Nicodemus, bless his heart, just doesn’t seem to understand. And honestly, how could he? He’s taking this all much too literally, but it’s also a lot to take in all at once. Jesus is referencing his crucifixion, which hasn’t happened yet, and isn’t speaking in a straightforward way at all. It’s confusing enough for us to puzzle out, I think, and we know the end of the story.
But then Jesus stops speaking in riddles and gets to the heart of the matter: God loves the world. God is trying to save the world; God is inviting the world into something new. This is not about condemnation but about God’s deep and abiding love for the whole world.
We’re talking this Lent about love languages, how we each give and receive love in different ways, and how God uses all of those ways to reach out to us in love. This week is the love language of Words of Affirmation.

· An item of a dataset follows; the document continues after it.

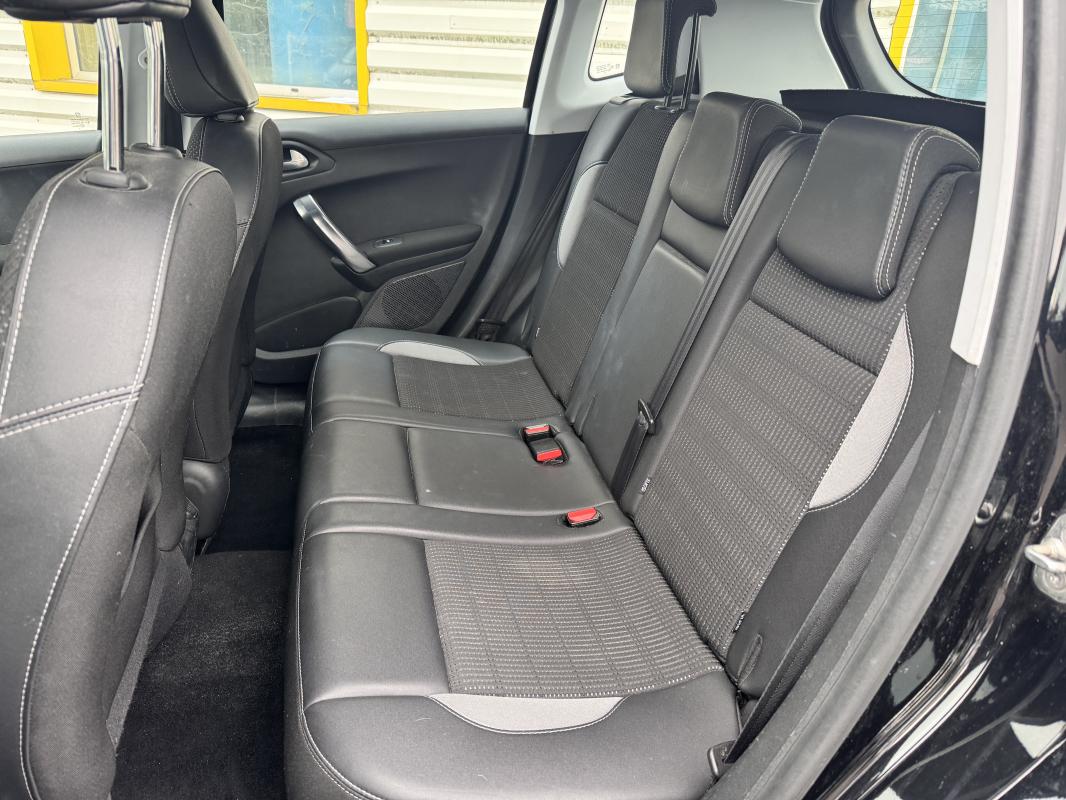 Peugeot 2008 - 1.2 ESSENCE 110ch S&S BVM5 Allure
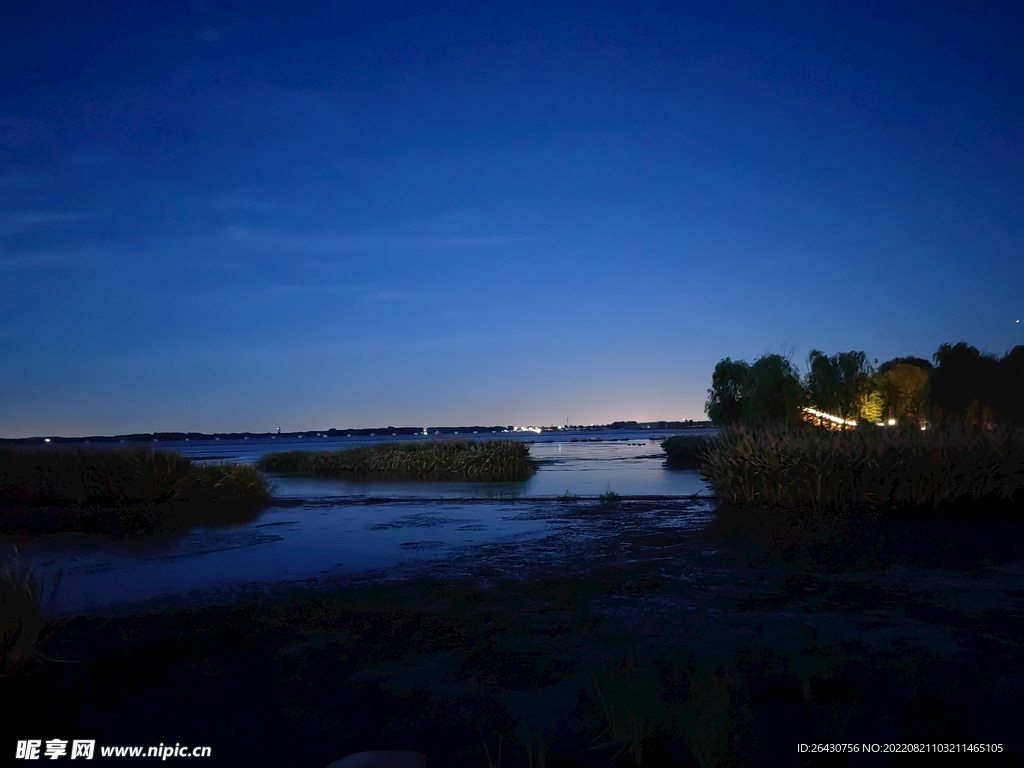 湖边夜景湖边夜色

People who receive love in this way are all about hearing it. Like actually hearing you say the words. It’s not about the need for praise or constant validation, rather people who receive love through words of affirmation want to know they matter to you. It’s not always just saying, “I love you,” either. Words of affirmation people want to be seen and acknowledged. Phrases like: “I appreciate it when you….,” “I value you because…,” and “You are important to be because…” mean so much.
Jesus has been performing signs, doing powerful acts, and it’s all quite impressive. Nicodemus has seen what Jesus has done and is clearly intrigued. But to hear, in no uncertain terms, that this is for him, well that means a lot to someone who needs words of affirmation. God loves the world—the whole world—that means you, Nicodemus. That means us, too. This whole rebirth thing? It’s because of how much God loves us. God wants to do something new with us, to bring us into a new way of seeing and being and loving in the world.

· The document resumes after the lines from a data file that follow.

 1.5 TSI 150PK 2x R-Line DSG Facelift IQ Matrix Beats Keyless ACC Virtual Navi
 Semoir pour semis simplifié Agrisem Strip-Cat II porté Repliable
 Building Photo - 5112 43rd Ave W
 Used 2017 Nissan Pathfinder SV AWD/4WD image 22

Christianity has sometimes turned being born again into something that we have to accomplish to please God. Well, I’ve actually been studying up on birth lately, and it turns out we’re not super active participants in our own births. There’s someone else who does the labor for us to be born. God in the Holy Spirit is the one who labors to bring each of us to new birth.

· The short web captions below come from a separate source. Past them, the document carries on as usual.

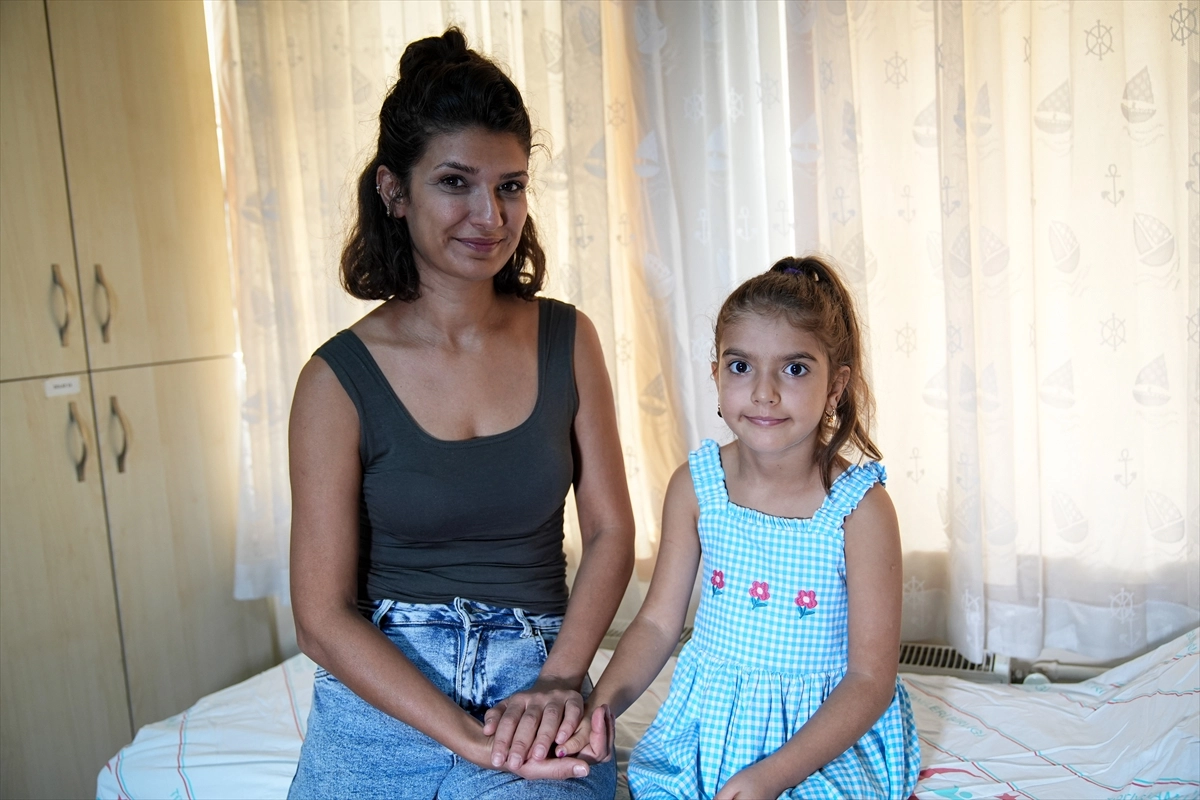 Süt Alerjisi Olan 5 Yaşındaki Eliz İlk Kez Dondurma Yedi başlıklı video haberin görseli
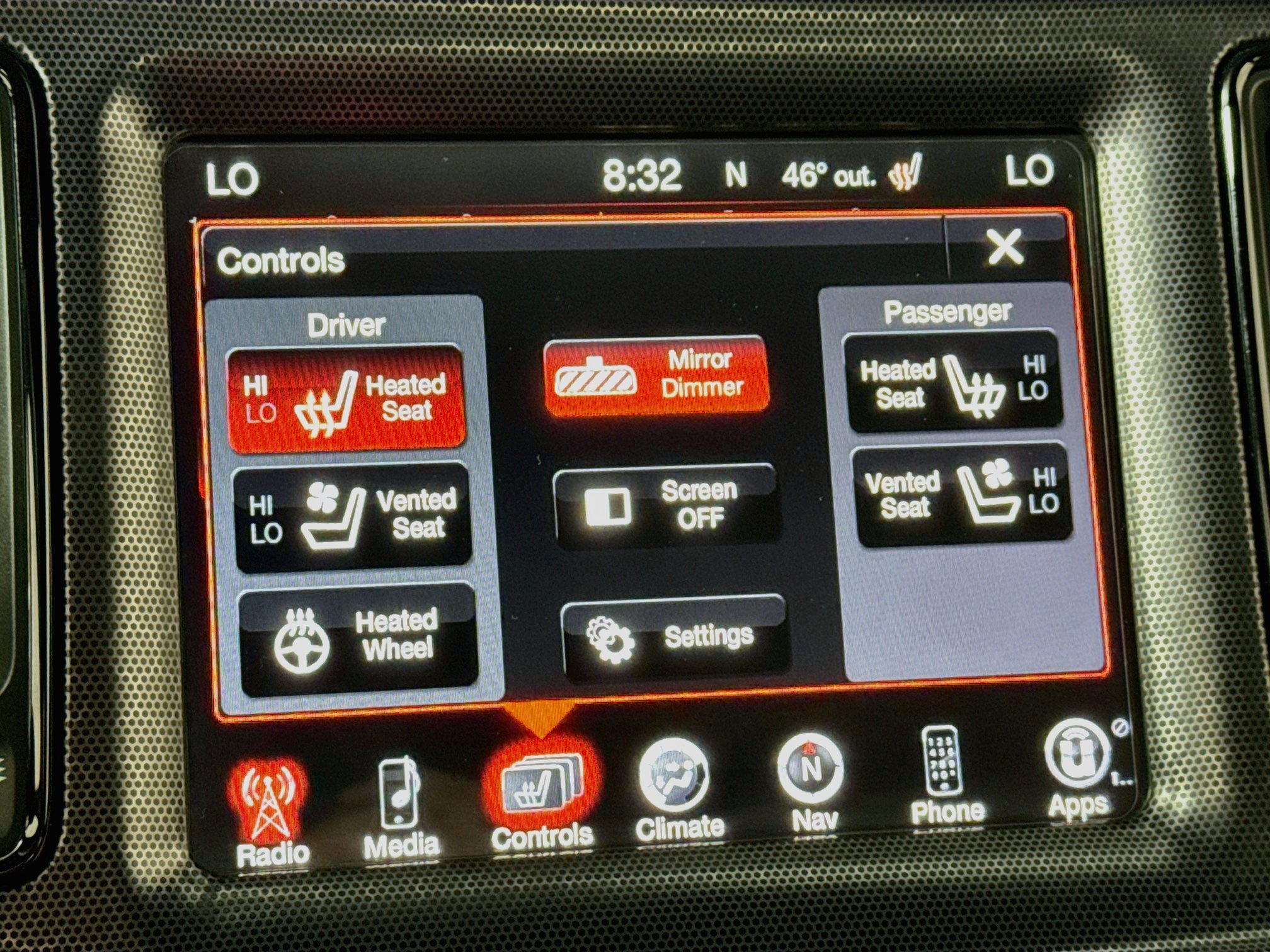 Used 2015 Dodge Challenger SXT Plus RWD image 5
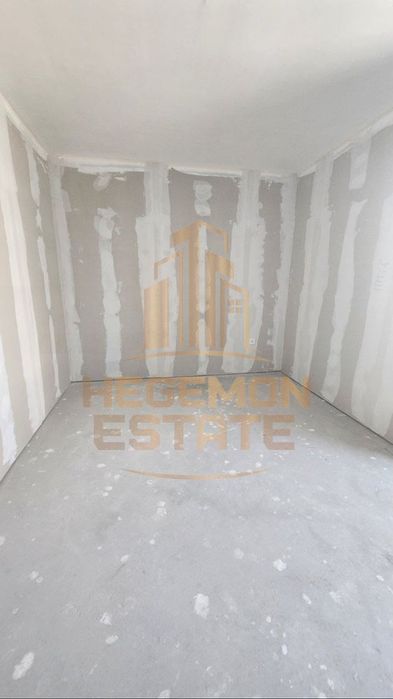 Продава се Двустаен апартамент в Варна, Трошево - 85 кв.м за 1648 €/кв.м - Снимка #1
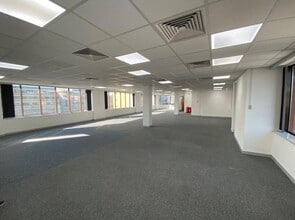9 St Clare St, London to rent Interior Photo- Image 1 of 2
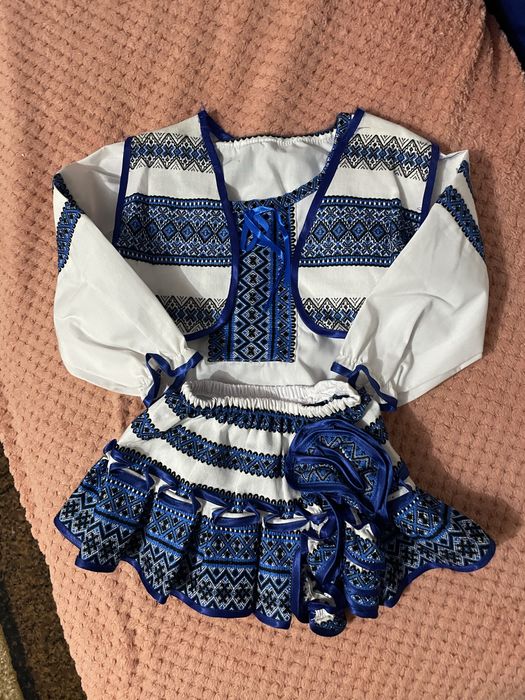 Комплект трійка,вишиванка + спідниця + жилетка 92-98р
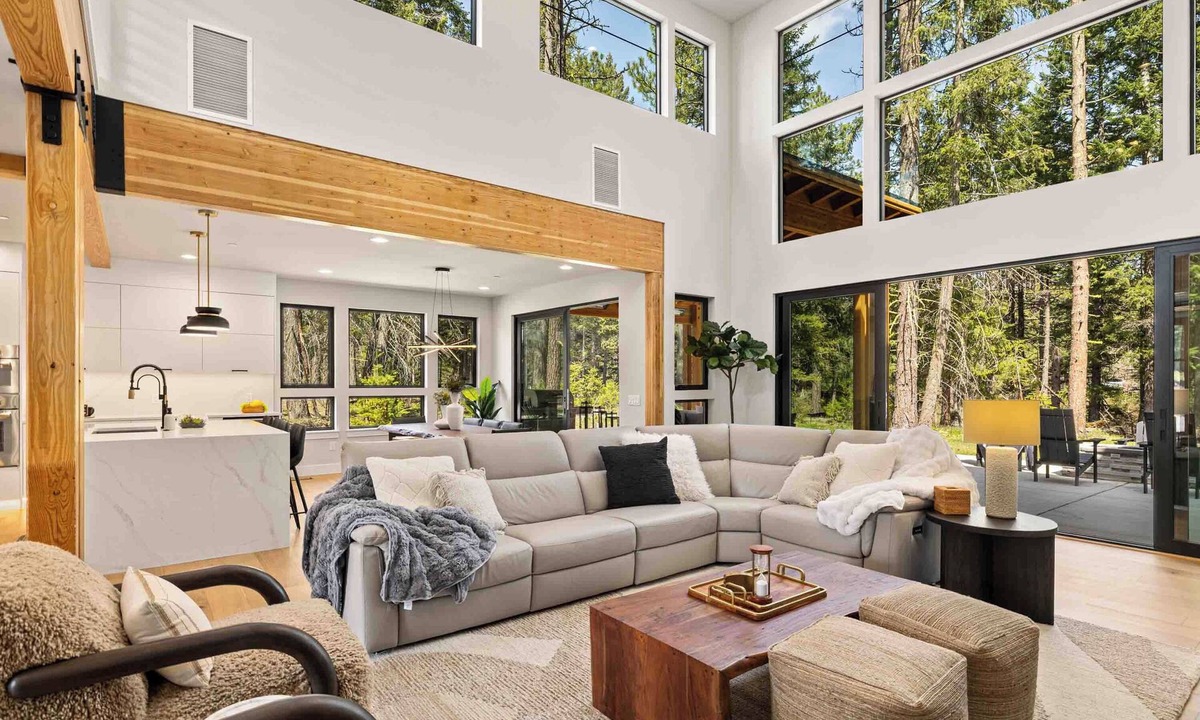 Roslyn House | 1PM In/Out | Built for Family Time - Hot Tub, ADU & Game Room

Sometimes it takes a while. Sometimes love doesn’t sink in right away. We need to hear the words and ponder them. Then hear them again. This is the end of Jesus’ conversation with Nicodemus, but it isn’t the end of Nicodemus’ story. He comes back again when the council is trying to arrest Jesus. He speaks on Jesus’ behalf, arguing that he must be given a hearing before being arrested. Then Nicodemus comes back one final time, after the crucifixion. He brings 100 pounds of myrrh and aloes to anoint Jesus’ body, and he helps Joseph of Arimathea lay him in the tomb.
We don’t get to see the impact that Jesus’ words have on Nicodemus right away. It takes a while sometimes for us to let those affirming, life-giving words sink in. Jesus invites Nicodemus, as he invites each of us, to come into the light of day and become full participants in the abundant life he offers. It’s not something we can do on our own. It is God who will give birth in water and the Spirit. Rebirth is God’s gift to give, God’s work to accomplish, and it is God who labors to bring us to new life. God loves the whole world. Which means God loves us. And God will keep seeking us out, keep working, keep laboring, to bring us to share in abundant life. Amen.